Corey smiled hesitantly. “Not really,” she said. “It’s just...” She tried to figure out how to explain something so basic to her, something that was undoubtedly foreign to him: he was a man.
Third Officer Karen Ramson had been sitting on the other side of Captain Johnson. “Commander Young,” she said, “I think part of the problem is that men are a rarity in our culture. Only the Commercial Service and Eugenicists have any regular contact with them.”
“I see. I wondered where the men were on this ship.”
“They’re at home where they’re safe. Aside from that, I was wondering what a People’s Star Kingdom is? I know, from history courses, what Kings are. Are the people the rulers? Are the Kings chosen from the people? And if so, how does that work? Wouldn’t there be chaos with so many rulers?”

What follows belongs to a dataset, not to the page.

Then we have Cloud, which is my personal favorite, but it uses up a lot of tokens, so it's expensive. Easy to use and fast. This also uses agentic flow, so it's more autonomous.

“We have a King,” Alan said, relaxing in his chair, “and he’s a hereditary monarch. But the King doesn’t rule, not directly. He’s more of a uniting force and chief executive. There’s a parliament for each planet, and one in our capital for our whole government. The King rules through them, but only with their advice and consent. Mostly, he’s the one who sorts out problems and makes final decisions when they’re needed. And he also the chief executive of the government, which gives him a lot of indirect power.”
“It sounds complicated,” Officer Ramson said.

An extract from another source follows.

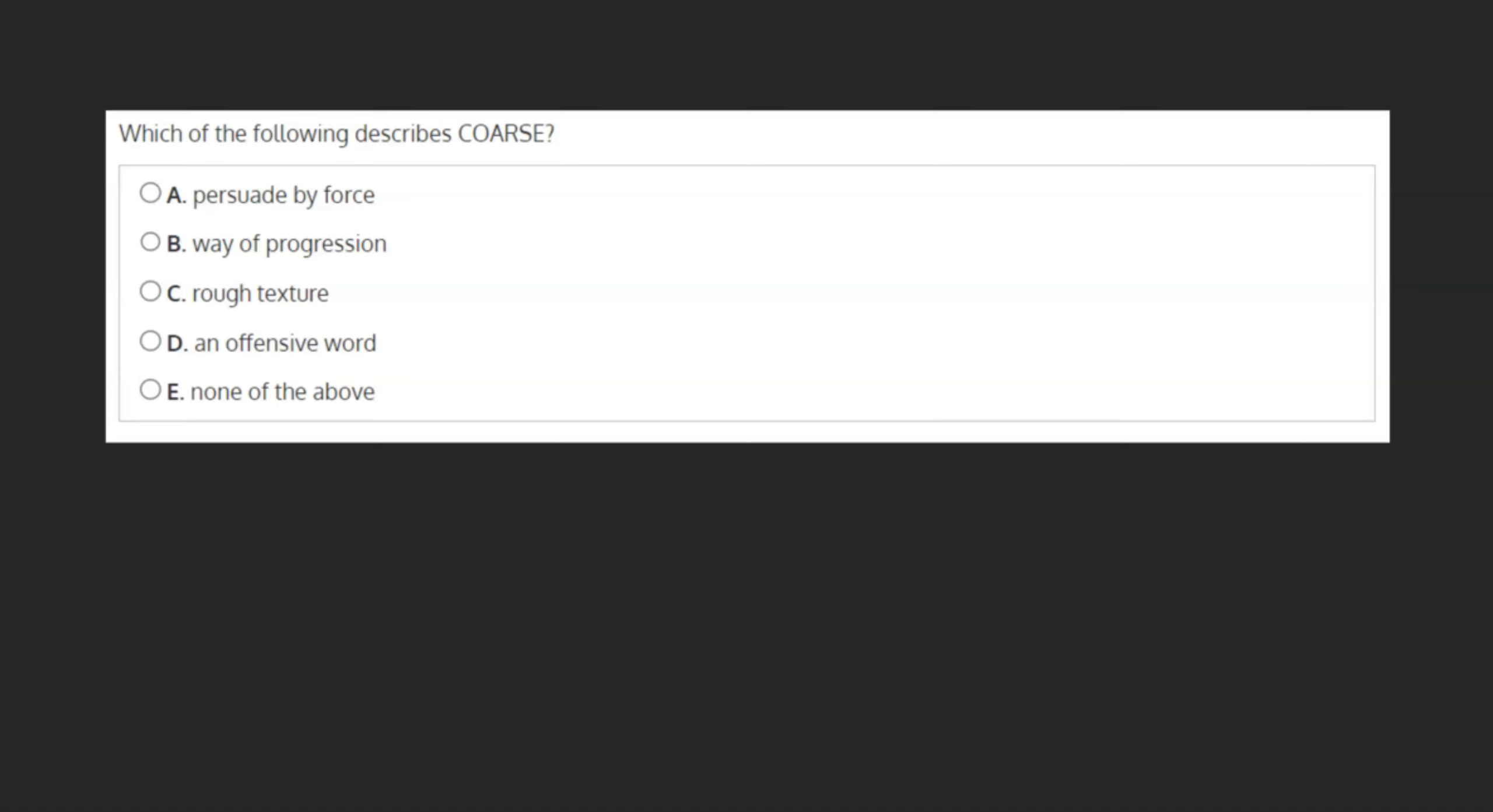Which of the following describes coarse? A. Persuade by force, B. Way of progression, C. Rough texture, D. An offensive word, or E. None of the above. The answer to this question is C, rough texture.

Alan shrugged. “We’re a diverse people. We want to give every voice a chance to be heard. Outsiders say the way we govern ourselves is too complicated to last, but it’s worked for several hundred years.”
Officer Ramson nodded. “If the people are happy with their government, what else can you ask?”
“Oh, that the government does things for the people that they can’t do easily: health care, education, support in bad times, things like that.” Alan looked at Officer Ramson. “Your government does that, of course.”
“Most of that is done by each Family,” Corey said.
“Each family?” Alan looked surprised. “If every family does that, isn’t there a lot of duplication of effort?”
“I think we mean different things by Family,” Officer Ramson said, smiling. “How big are your Families?”
Alan thought a moment. “Umm, a family usually has the man, the woman, and whatever children they have, usually three or four.”
Officer Ramson nodded. “Our Families range in size from about 50,000 for the smallest Family to over a million in the largest.”
Alan blinked in surprise. “A million?” He wanted to ask more, but he wasn’t even sure how to phrase the question.
“Each Family is divided into several Septs,” Officer Ramson continued, “and then there can be sub-Septs, Clans, and so on. Except for Septs, each Family is free to organize themselves however they want.”
“But--” Alan stopped, confused. “We may have had that at one time in our history. Back when the PSK was confined to a single planet, there were families who owned vast tracts of land and directly controlled the lives of the people who lived there. The nobility has, for the most part, faded away, except for ceremonial purposes. I think that would be the closest equivalent.”
Officer Ramson shrugged. “We organized ourselves this way because it was the most efficient way to terraform and settle the planet. Everything else since then has happened by experimenting to see what worked. In many ways, we’re a very practical people. We’ve had to be.”
“You terraformed your planet? How long did that take?”
“It took us nearly 500 years before our planet was fit enough to settle. We’re not finished with it, either. It’s one of those ongoing projects that will employ our descendants many years from now.”
“We settled on a fairly benign planet,” Alan said. “It was going--” He stopped as the hatch opened and Captain Johnson entered. He noted that neither the young pilot nor Officer Ramson rose to attention, something unthinkable in the PSK Navy.